━━━ Data ━━━
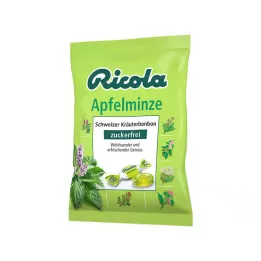 RICOLA o.Z.obuolių mėtinių saldainių maišelis, 75 g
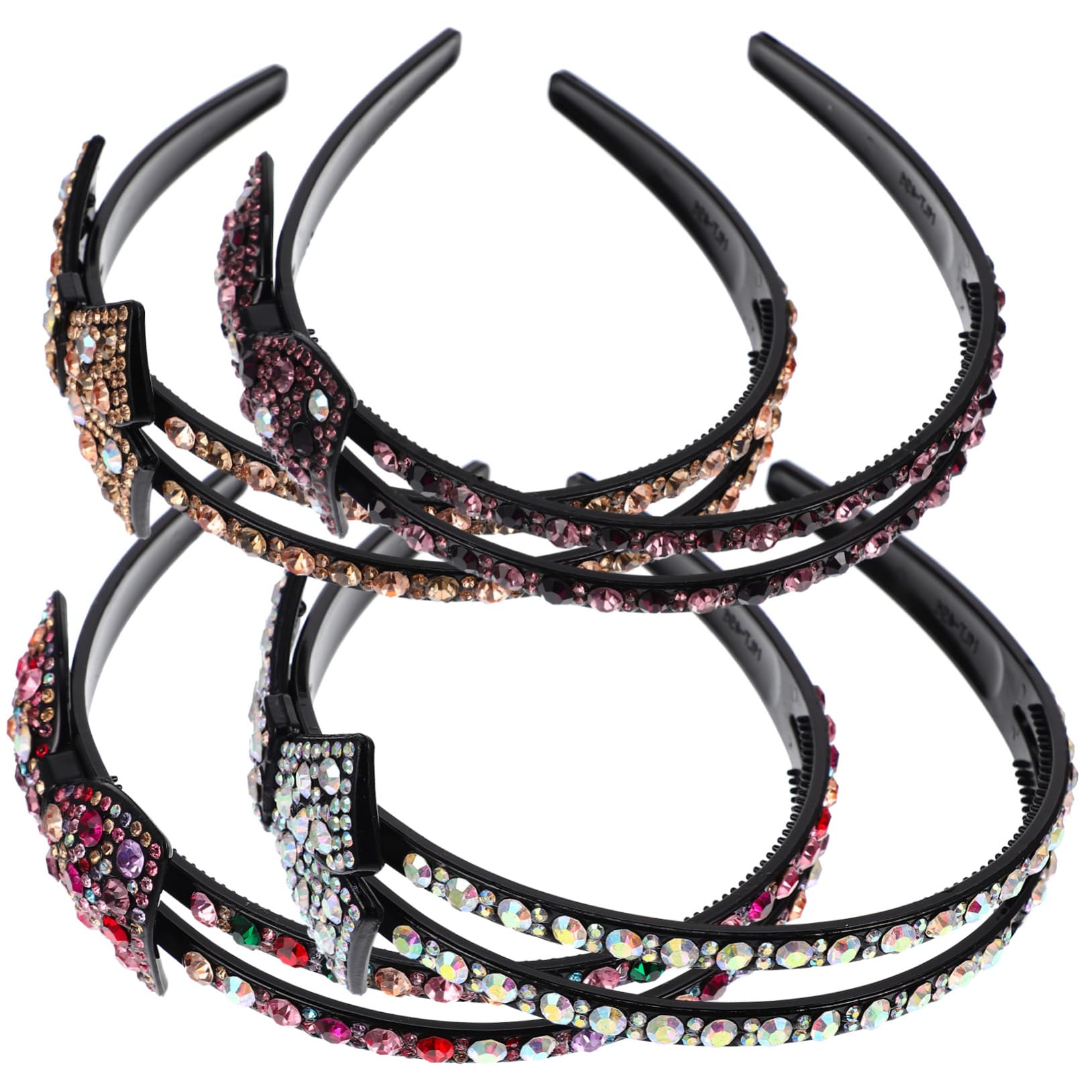 FRCOLOR 8pezzi Fascia Per Decorativa Con Strass Da Cerchietti Eleganti Per Donne e Ragazze Stile Chic e Comodo Perfetti Per Feste e Occasioni Speciali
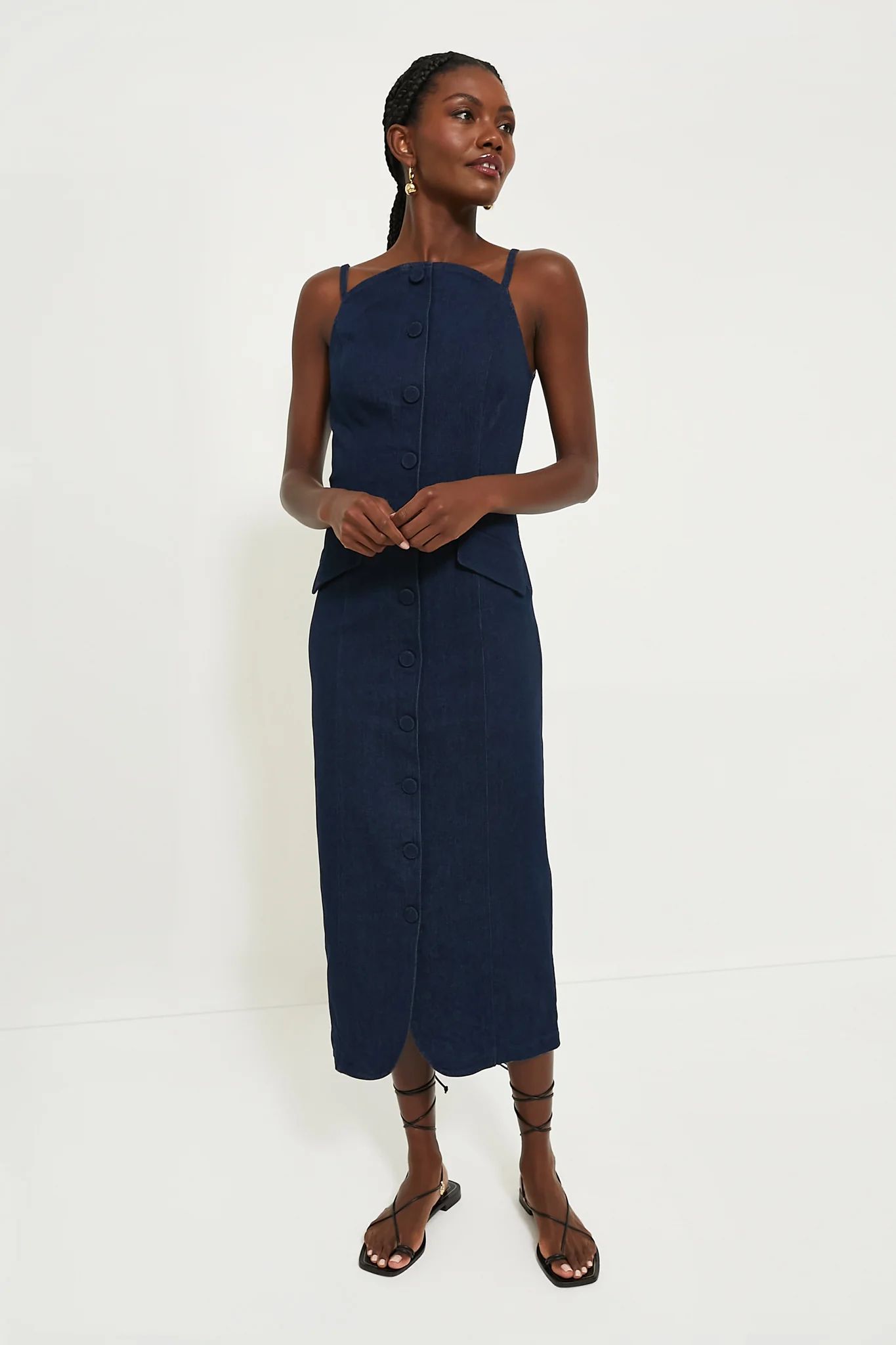 Denim Lilliana Dress | Tuckernuck (US)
━━━
When you write out the material, reproduce each line exactly and omit any picture it holds.

 RICOLA o.Z.obuolių mėtinių saldainių maišelis, 75 g
 FRCOLOR 8pezzi Fascia Per Decorativa Con Strass Da Cerchietti Eleganti Per Donne e Ragazze Stile Chic e Comodo Perfetti Per Feste e Occasioni Speciali
 Denim Lilliana Dress | Tuckernuck (US)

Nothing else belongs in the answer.